Une partie « rayonnement » évoque la Cité de gastronomie, qui « demeure à l’état embryonnaire », l’anniversaire de saint Martin, l’ouverture du centre de création contemporaine Olivier Debré (CCCOD, toujours en travaux) ou la tenue en 2016 des Assises du journalisme, tout en notant qu’« il en faudra sans doute plus pour rendre [Tours] incontournable ». Caramba, encore raté.

Enfin, sur l’emploi, le journaliste donne la parole à Coulon, qui « se pousse un peu du col » d’après Bouchet, en se vantant d’être à l’origine de la « French Tech Loire Valley ». Dont la candidature n’a pas été retenue... Généreux, l’article ne revient pas sur le fiasco de l’école de commerce de Tours, qui pourrait pourtant être mis au crédit de Babary.

Étonnamment, il n’est pas question du bilan du maire en matière sociale. Mais ç’aurait sûrement été un peu trop déplaisant.

Babary au « scanner »

L’exercice se termine par une page présentant la bio et le profil du maire. On apprend que « l’adversaire politique qu’il respecte le plus » est Jean Germain, dont il dit : « Je l’ai connu sur les bancs du collège.
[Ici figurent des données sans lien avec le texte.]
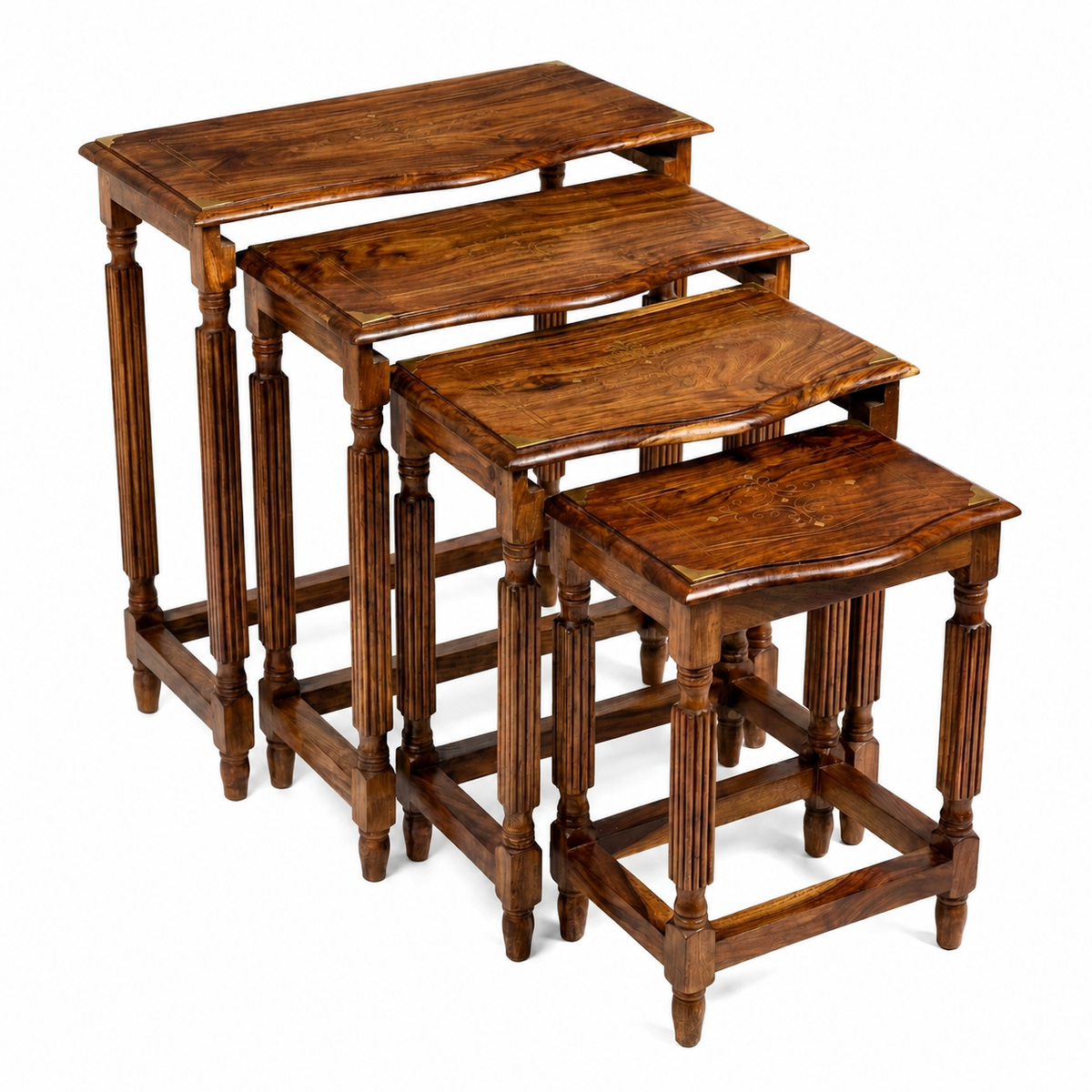 Decent Nesting Tables Solid Sheesham Wood Brass Inlay 4-Piece Set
Nos engagements politiques nous ont opposés mais jamais, pendant plus de cinquante ans, nous n’avons manqué de respect l’un à l’autre. » Cette dernière phrase en forme d’hommage est presque touchante, mais il faut la mettre en regard d’un passage du livre Enquête sur un suicide politique consacré à Jean Germain [4]. L’ancien maire de Tours, après avoir reçu un texto de Babary lui souhaitant « bon courage » à quelques jours de son procès, se serait tourné vers sa compagne pour lui dire : « Quel faux-cul, ce Serge Babary ! » Voilà pour le respect [5].

On apprend aussi que le maire aime l’omelette aux champignons et le vin de Touraine un peu frais, ce dont on se fout pas mal.
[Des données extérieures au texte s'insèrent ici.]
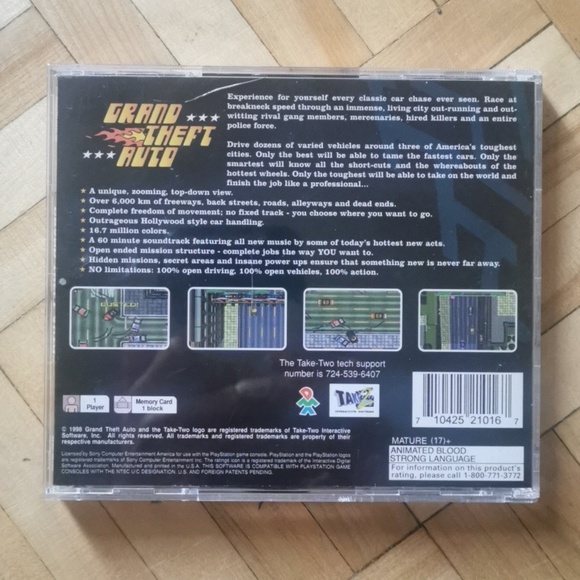 Vintage 1997/1998 Grand Theft Auto/GTA playstation Game/DVD - Picture 3 of 3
Et puis, quand on lui demande quel lieu représente le mieux Tours, il répond : « La percée Grammont, la rue Nationale, le pont Wilson, l’avenue de la Tranchée ». Là, ça laisse quand même songeur... Est-ce parce qu’il aime tant ces lieux qu’il a décidé de vendre le haut de la rue Nationale au groupe Hilton pour qu’il y installe des hôtels de luxe sous forme de tours de sept étages ? Ou dit-il ça pour rassurer les investisseurs sur la pertinence de leur choix ?
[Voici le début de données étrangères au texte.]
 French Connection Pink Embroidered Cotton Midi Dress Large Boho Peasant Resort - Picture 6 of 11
Au final, s’il est parfois amusant, le dossier réalisé par Benjamin Peyrel est quand même bien creux, et relativement complaisant. Suffisamment pour qu’il soit apprécié de la mairie, et relayé sur différents réseaux par l’attachée de presse du maire, par l’adjointe Françoise Amiot, etc.

Rappelons que l’exercice n’a pas vocation à faire une analyse approfondie des politiques menées, ou à éclairer sous un jour nouveau les actions entreprises par la municipalité : il s’agit simplement de doper les ventes de l’hebdomadaire dans la ville sur une période donnée, grâce à une couverture alléchante. Et tant pis pour la qualité de l’information.

Notes

[1Voir par exemple l’improvisation de l’adjointe au commerce, Balleteros, lors du conseil municipal du 17novembre.

[2Date des prochaines élections municipales.

[3A ce sujet, voir le point 64 du conseil municipal du 6 juillet 2015.

[4Qu’on vous déconseille fortement, tant il est creux et mal écrit.

[5Il paraît que la lecture de cette anecdote a mis le maire très en colère.